W. Dallas Herring Professor Audrey Jaeger

Audrey J. Jaeger, W. Dallas Herring Professor and Executive Director of the Belk Center for Community College Leadership and Research, has been selected to receive the Alexander Quarles Holladay Medal for Excellence

The award is the highest honor given by NC State and the Board of Trustees, recognizing outstanding and sustained contributions to the university through achievements in research, teaching, or extension and engagement. Jaeger is one of five NC State faculty members to receive the award this year. 

“To be recognized among these exceptional faculty at NC State is humbling. I am grateful to have learned from — and with —these Hollday medal recipients, and ones who have come before them,” Jaeger said. “Receiving this award is bigger than me. It also recognizes the exceptional students, former students and colleagues with whom I have worked at NC State along the way. They drive me to be a better educator, researcher, mentor and friend. For that, I’m grateful.”

Jaeger earned her Ph.D. from New York University and joined the College of Education in 2001. She was previously inducted into the Academy of Outstanding Teachers, the Academy of Outstanding Faculty Engaged in Extension and the Research Leadership Academy at NC State. In 2020, she was also awarded the Alumni Association Outstanding Research Award.

Her research has illuminated equity gaps in faculty workloads as well as issues related to college access, climate, agency, language and civic and community engagement among faculty and students. Her work advances equitable student success and institutional effectiveness by bringing actionable data to leaders and policymakers in North Carolina and beyond.

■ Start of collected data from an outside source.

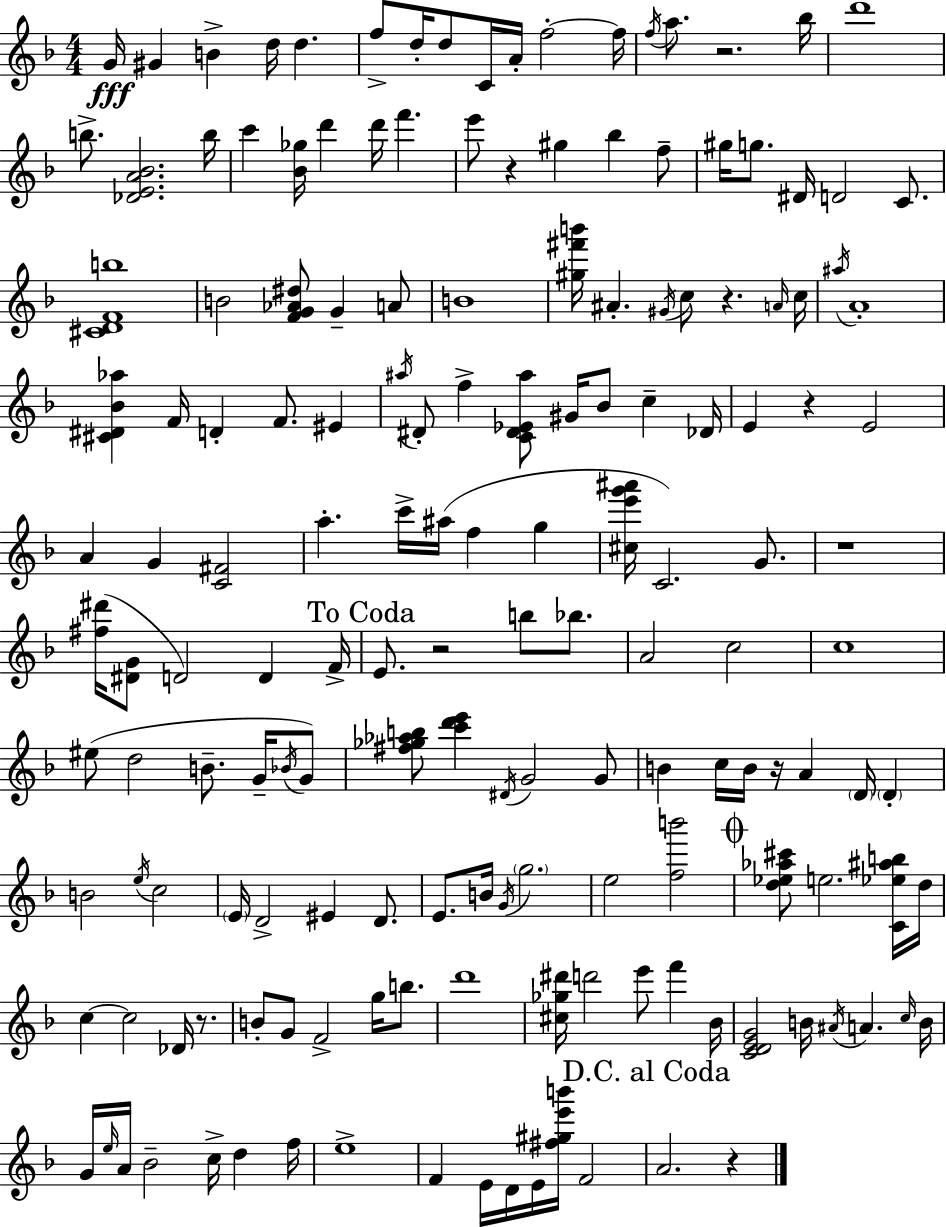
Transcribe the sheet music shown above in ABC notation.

X:1
T:Untitled
M:4/4
L:1/4
K:Dm
G/4 ^G B d/4 d f/2 d/4 d/2 C/4 A/4 f2 f/4 f/4 a/2 z2 _b/4 d'4 b/2 [_DEA_B]2 b/4 c' [_B_g]/4 d' d'/4 f' e'/2 z ^g _b f/2 ^g/4 g/2 ^D/4 D2 C/2 [^CDFb]4 B2 [FG_A^d]/2 G A/2 B4 [^g^f'b']/4 ^A ^G/4 c/2 z A/4 c/4 ^a/4 A4 [^C^D_B_a] F/4 D F/2 ^E ^a/4 ^D/2 f [C^D_E^a]/2 ^G/4 _B/2 c _D/4 E z E2 A G [C^F]2 a c'/4 ^a/4 f g [^ce'g'^a']/4 C2 G/2 z4 [^f^d']/4 [^DG]/2 D2 D F/4 E/2 z2 b/2 _b/2 A2 c2 c4 ^e/2 d2 B/2 G/4 _B/4 G/2 [^f_g_ab]/2 [c'd'e'] ^D/4 G2 G/2 B c/4 B/4 z/4 A D/4 D B2 e/4 c2 E/4 D2 ^E D/2 E/2 B/4 G/4 g2 e2 [fb']2 [d_e_a^c']/2 e2 [C_e^ab]/4 d/4 c c2 _D/4 z/2 B/2 G/2 F2 g/4 b/2 d'4 [^c_g^d']/4 d'2 e'/2 f' _B/4 [CDEG]2 B/4 ^A/4 A c/4 B/4 G/4 e/4 A/4 _B2 c/4 d f/4 e4 F E/4 D/4 E/4 [^f^ge'b']/4 F2 A2 z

The work she said she is most proud of is her role in founding and developing the Belk Center, which has served all 58 community colleges in the state and has collaborated with community college leaders to meet the needs of colleges and support student success

“The talented and committed team we’ve assembled within the Belk Center and through our strategic partnerships is beyond what I could have imagined,” Jaeger said. “I’m most proud of being part of a team that is firmly committed to our mission — developing and sustaining exceptional community college leaders who are committed to advancing equitable college access and student success, the social and economic mobility of their colleges’ students, and the economic competitiveness of their regions. “

Recently, the Belk Center kicked off its Rural College Leaders Program (RCLP), a capacity-building program designed to close equity gaps and improve student outcomes for 10 community colleges serving rural North Carolina communities. 

In the past year and in partnership with Achieving the Dream and the North Carolina Student Success Center, the Belk Center has also launched Teaching & Learning Hubs for community college educators. The hubs were created in direct response to a Dallas Herring Lecture delivered in 2019 by Achieving the Dream President Karen Stout, which focused on a call to action for community colleges to develop a culture of teaching and learning excellence.

Last year, as a result of research on adult learners, the Belk Center team partnered with the John M. Belk Endowment, myFutureNC and the North Carolina Community College System to launch NC Reconnect. The initiative is designed to engage adults who have not completed a postsecondary credential and connect them to educational pathways at local community colleges that will lead to improved career opportunities.  

Research in this area, Jaeger said, has led to practical implications surrounding ways to best support returning students of color, in particular. 

“From our earliest days at the Belk Center, I wanted to ensure that our research directly addressed critical problems of practice facing community colleges today and tomorrow,” Jaeger said. “We want to go beyond knowledge for knowledge’s sake and have informed, actionable research that our community college partners can put into practice.”